As the Cato Handbook notes, “In 1943, the U.S. Constitution Sesquicentennial Commission, chaired by President Franklin Delano Roosevelt, published a document that included the following: ‘Q. Where, in the Constitution, is there mention of education? A. There is none; education is a matter reserved for the states.’”
How ironic that Republican presidential contenders in 2023 agree with the liberal FDR—now that’s bipartisanship!
Let’s take a note from FDR and close the Department of Education.
It is unconstitutional.
It is a complete waste of money.
It has been a miserable failure over its entire existence, overseeing educational decline in the United States, not excellence.
The Corporation for Public Broadcasting has outlived its usefulness by many years.
In the early days of television, there was a valid need for a public option, given the extremely poor quality of private television in providing educational and informational options and the lack of modern technology.
But the public now has literally thousands of educational and informational options.
The Corporation for Public Broadcasting should be defunded.
There is still a niche that requires the availability of public stations, but Federal funding is no longer required.
As someone who worked in education I can absolutely verify 2 & 3! There’s absolutely NO NEED for a federal DOE, it’s a complete waste of time and money!
Ah, but the standard is not required or even necessary but “necessary and proper”. Many things can seem necessary or be asserted to be, they may even be, but that does not make them proper as well.
Necessary alone is the route to Arbitrary Government.
Funding educational and informational content probably would have been necessary and proper (in relation to the Interstate Commerce Power) in the context of the 1960’s, 70’s, 80’s and probably 90’s.
Educated folks know what Conservatives think about DOE.
Conservatives are not against education, they/us want to be able to CHOSE WHO will educate us and HOW.
Today’s brainwashing of the youth, for example, is NOT education.
You’re welcome.
I would eliminate most of that as not only unhelpful, but overall harmful.
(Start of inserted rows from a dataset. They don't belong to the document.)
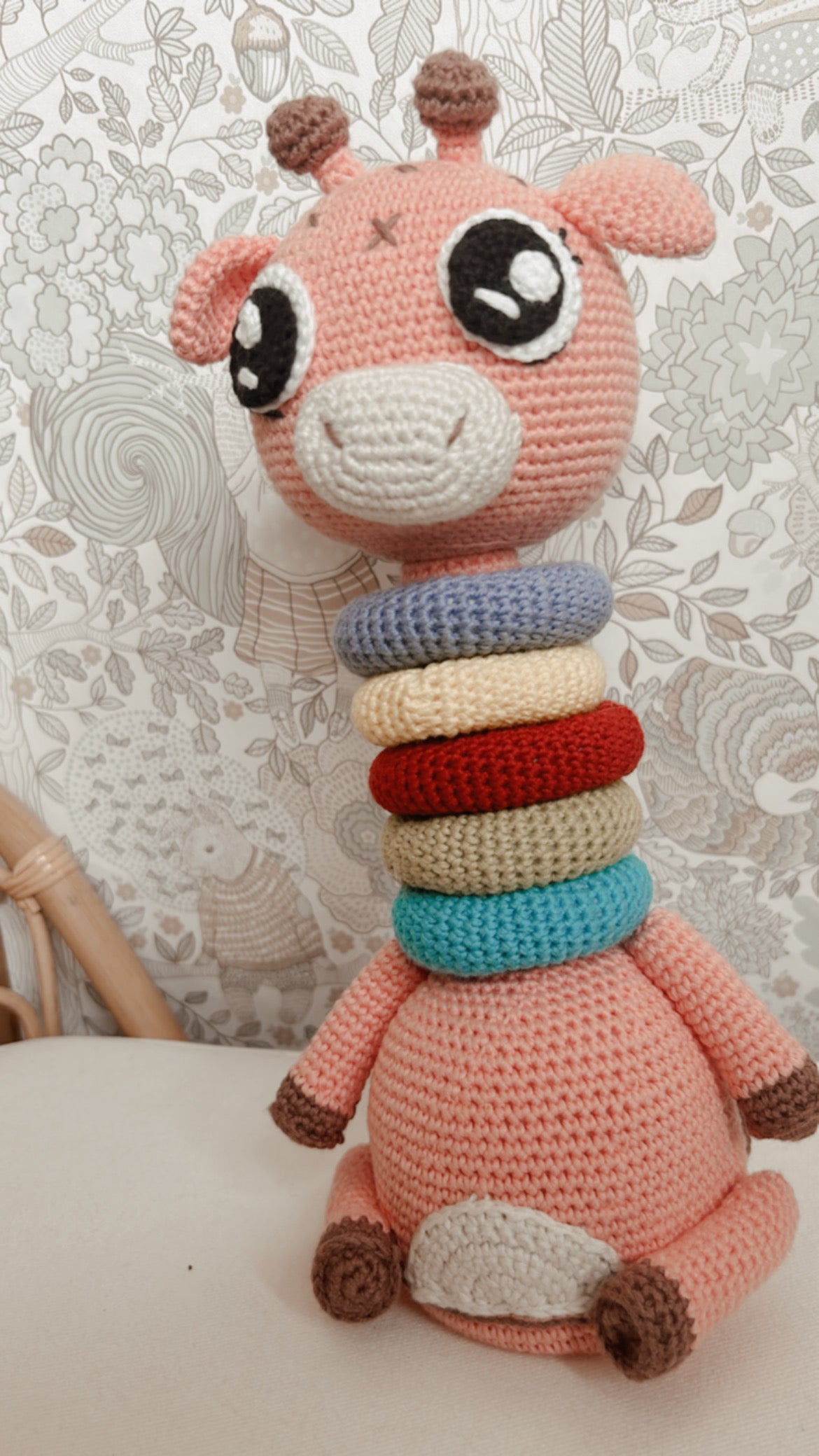 Gift for Baby, Crochet Giraffe Stacking Toys Baby, Montessori Toy for Babies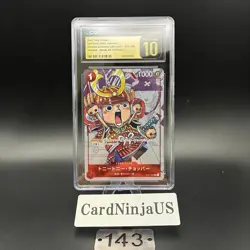 CGC 10 PRISTINE Tony Tony Chopper Parallel ST01-006 C 25th Edition ONE PIECE 143 - Image 1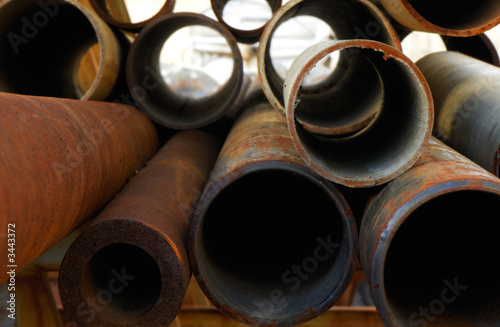 rusty pipes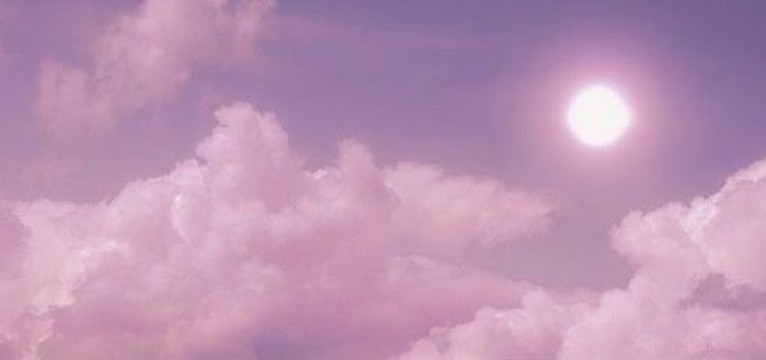 Aesthetic purple sky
Subsidies do what subsidies always do, raise the price of the subsidized commodity (i.e. secondary education). I would retain Pell Grants. I would eliminate Federal loan guarantees and require students to seek loans in the free market.
Not just because loan guarantees act as subsidies but also because they encourage reckless borrowing. Without loan guarantees, banks would be far more selective in issuing loans and more often than not, would decline to give the loan. That in turn would keep many students out of college who simply do not need to be there in the first place and would obligate some to work their way through school. Others would pursue less costly educational options.
Loan guarantees are not helpful and indeed are actually harmful to students.
Young people want the student loan programs reformed.
They don’t want them done away with. It is another example of an older generation granting themselves something and then pulling up the ladder.
It is a popular position among a minority of people… but it isn’t going to play on a national scale unless there is a plan to continue the services that the department provides.